(DATA SUPPLIED):
━━━━━━━━

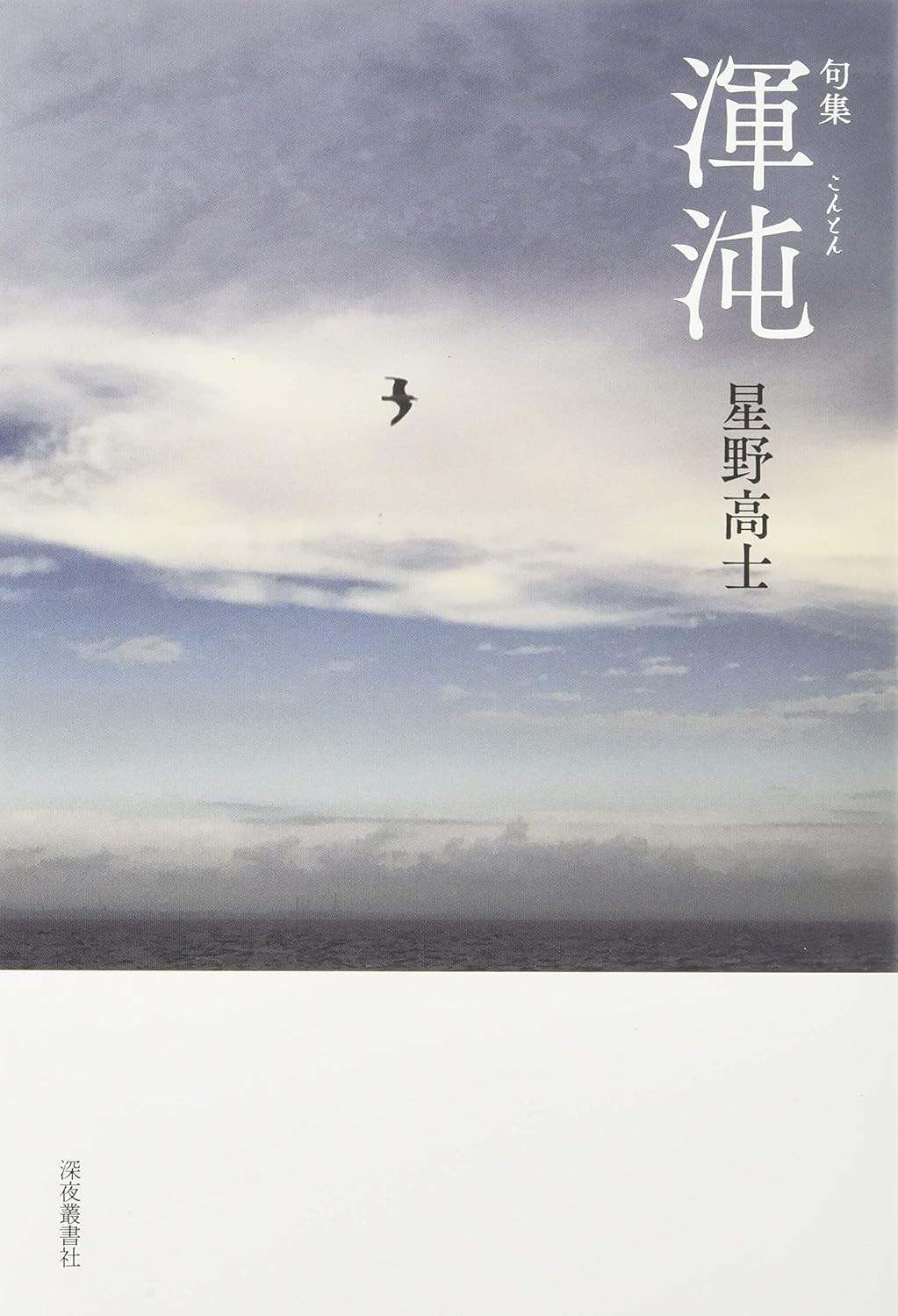 渾沌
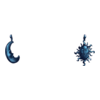 D&eacute;clinaisons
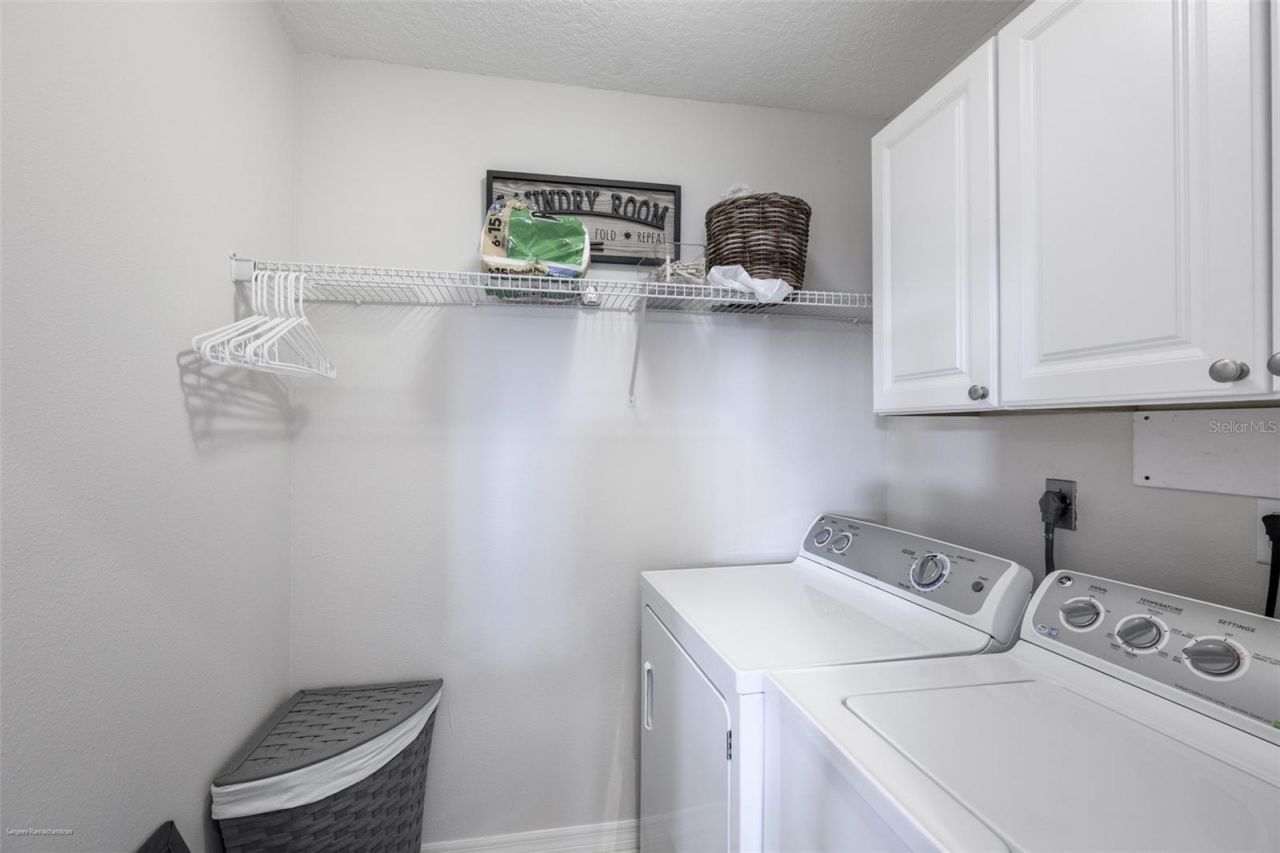 1477 Park Beach Circle, Unit 33, Punta Gorda, FL 33950 Photo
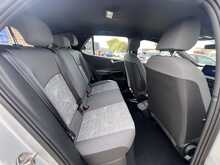 Volkswagen ID.3 Pro 58kWh Life Auto Electric 5-Door Hatchback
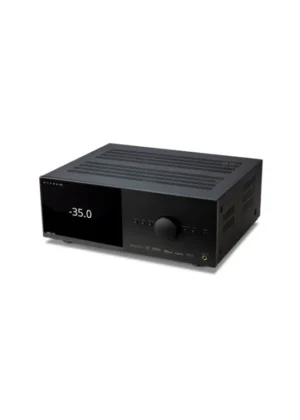 Anthem MRX 1140 環繞擴音機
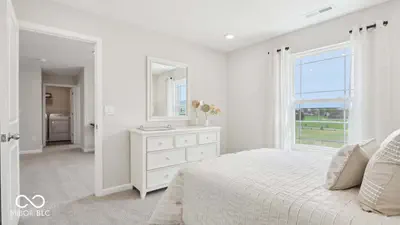 3172 Haberdashery Drive, Monrovia - 32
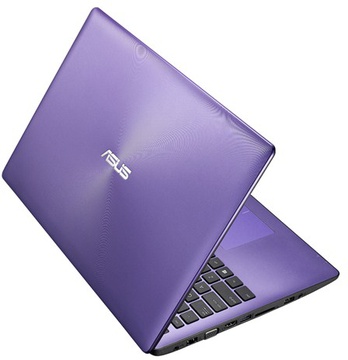 Asus X553SA (X553SA-XX185D)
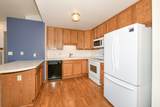 W169S7609 Gregory Dr - Photo 12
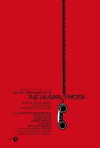 The Human Factor (1979)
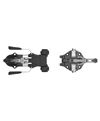 ATK Freeraider 15 Evo TITANIUM
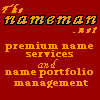 nameman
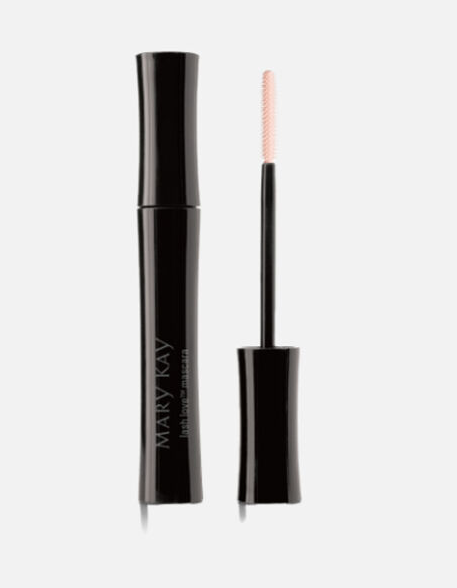 Mary Kay Lash Love Mascara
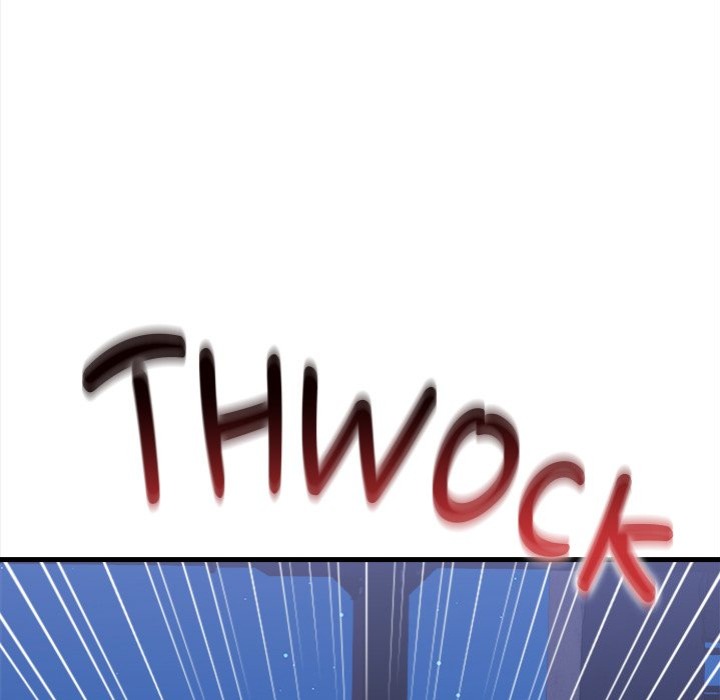 Mission - Chapter 7 Page 72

━━━━━━━━

(PROBLEM DETAILS):
Your task is to repeat exactly the lines from the one containing "Mary Kay Lash Love Mascara" through the end of the material, both included, and only those, without pictures.

(ANSWER TO THIS EXERCISE):
 Mary Kay Lash Love Mascara
 Mission - Chapter 7 Page 72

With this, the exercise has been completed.